My research primarily investigates the metaphysical and epistemological issues that arise from modern physics. Physical theories are often formulated in highly abstract mathematical terms, which tend to obscure their conceptual implications. The tools of philosophy are particularly helpful for understanding what physical theories say about our world. My current research spans four overlapping areas: (1) laws of nature, (2) time’s arrow, (3) philosophy of quantum mechanics, and (4) probability and decision theory. My long-term goal is to develop a comprehensive philosophy of science that brings these areas together in new ways. In addition to those interests, I am pursuing research in philosophy of mind and Chinese philosophy.
I have been developing a new account of laws of nature that vindicates the conviction that laws govern our world while remaining flexible enough to accommodate the variety of kinds of laws entertained in physics. In “Governing without a Fundamental Direction of Time: Minimal Primitivism about Laws of Nature” (Rethinking the Concept of Law of Nature, Springer 2022), Sheldon Goldstein and I propose this new account, called minimal primitivism (MinP), according to which laws of nature govern the world by constraining its physical possibilities. This view does not presume a fundamental direction of time or impose metaphysical restrictions on the forms of laws. In particular, it does not require fundamental laws to be dynamical laws. In "Algorithmic Randomness and Probabilistic Laws," Jeffrey A. Barrett and I develop a constraining notion of probabilistic laws.

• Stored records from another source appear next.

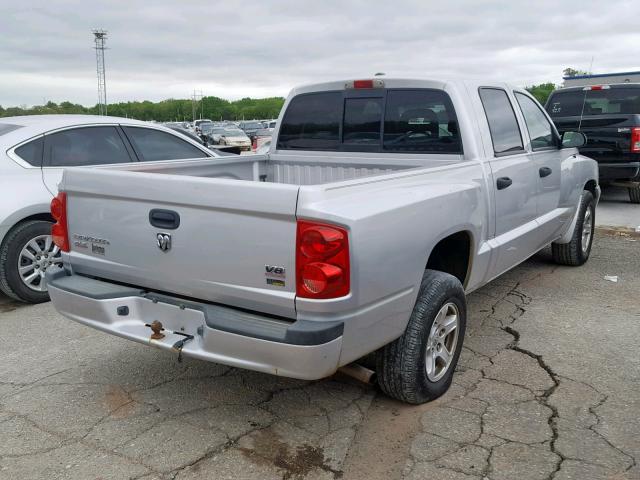 1D7HE48P07S207361 - 2007 DODGE DAKOTA QUA SILVER photo 4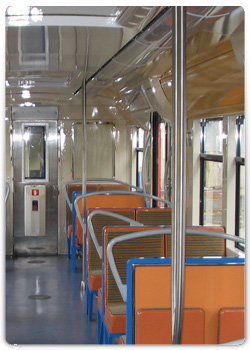 Interieur rénovée d'une voiture du train MS61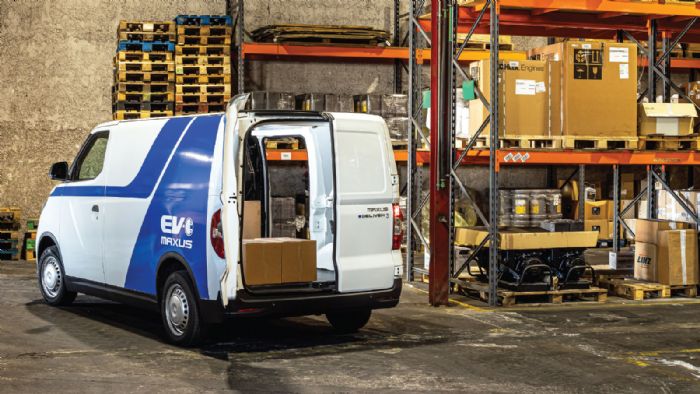 Δύο εκδόσεις αμαξώματος και ωφέλιμο έως 1.020 κιλά για το μεσαίο ηλεκτρικό Van της Maxus, που εκπροσωπεί στη χώρα μας η εταιρεία Πέτρος Πετρόπουλος ΑΕΒΕ.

In “Fundamental Nomic Vagueness” (The Philosophical Review, 2022), I introduce and characterize a new kind of vagueness—vagueness in the fundamental laws of nature. I suggest that it may be regarded as vagueness in the world. I turn to the Past Hypothesis, the low-entropy initial condition of the universe, as a case study. The paper was selected by The Philosopher's Annual as "one of the ten best articles in philosophy from 2022." A popular version of this article was published in the British science magazine New Scientist, and featured as the cover story in the magazine’s September 5th, 2020 issue.
I am also working on two new paper about laws. In “The Simplicity of Physical Laws,” I propose that both Humeans and non-Humeans should accept that simplicity is a fundamental epistemic guide for discovering and evaluating candidate physical laws. This principle of simplicity clarifies and solves several problems of nomic realism and simplicity. In “Strong Determinism” (Philosophers' Imprint, forthcoming) I investigate the possibility that the fundamental laws of physics uniquely determine the entire history of the universe, down to its exact initial condition. This notion of ‘strong determinim’ has implications for philosophical debates about explanation, causation, prediction, fundamental properties, free will, and modality. I also formulate an example of a realistic, simple, and strongly deterministic physical theory–the Everettian Wentaculus. A shorter essay on strong determinism, focusing on the Hartle-Hawking proposal, was published in Nature. It was the subject of an article in Scientific American.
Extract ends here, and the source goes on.